In October 2022, Plummer and Holland went to room 43 of the National Gallery in Trafalgar Square and threw two cans of Heinz soup on an 1888 painting, one of Van Gogh’s most famous works, before gluing themselves to the wall beneath it.

In July, after deliberating for three hours, a jury found them guilty of criminal damage. Judge Hehir told them to be “prepared, practically and emotionally, to go to prison.”

Plummer was also sentenced to three months in prison for interfering with national infrastructure by taking part in a slow march along Earls Court Road in west London in November 2023. Her co-defendants in the case, Chiara Sarti and Daniel Hall, received suspended sentences and community service sentences.

Plummer gave a 20-minute speech to the judge in which she cited Emmeline Pankhurst, Mahatma Gandhi and Nelson Mandela as examples of people who were prosecuted while fighting for justice.

“On October 14, 2022 and in November 2023 I made the choices to take actions that I knew would likely lead to my arrest and prosecution.
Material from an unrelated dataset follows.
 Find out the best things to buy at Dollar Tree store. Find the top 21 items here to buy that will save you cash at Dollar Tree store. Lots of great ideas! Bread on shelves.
I made those choices because I believe that non-violent civil resistance is the best, if not the only, tool that people have in order to bring about the rapid change required to protect life from the accelerating climate emergency and the political decisions being made that pour fuel on the flames and which sentence us all to a catastrophic future. Whilst of course there are reasons why my life and the lives of people I love and care for would be easier if I don’t receive prison sentences today I don’t intend to go into detail about these, my choice today is to accept whatever sentences I receive with a smile, knowing that I have found peace in doing what I can to defend countless millions of innocent people suffering and dying.”
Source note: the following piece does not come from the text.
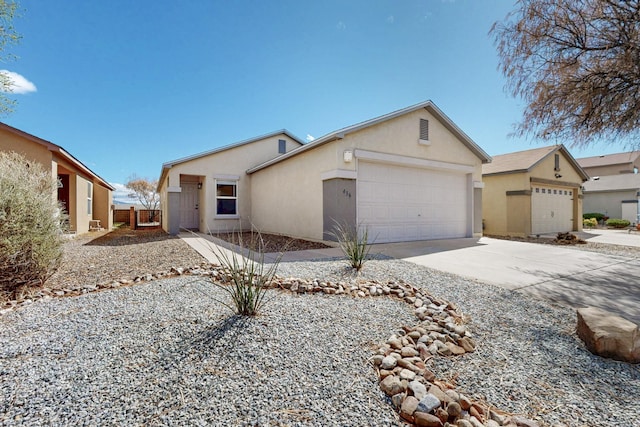 ranch-style house with an attached garage, driveway, and stucco siding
The Just Stop Oil movement became the talk of the spring of 2022: throughout April, activists staged protests at fuel terminals in England, “blocking the entry, refuelling and exit of fuel transport vehicles.” The activists themselves claim that their actions have led to “widespread fuel shortages at petrol stations.” The authorities deny this.

Just Stop Oil participants formulate the main goal of the actions as follows: to raise citizens’ awareness of the serious impact of the oil industry on climate change. The group demands that the authorities stop all new fuel supply projects and halt all licences for the development of new fields.

According to the activists, refusing fuel will help to “cut” energy bills and prove that international climate commitments for the UK are not just a sound bite.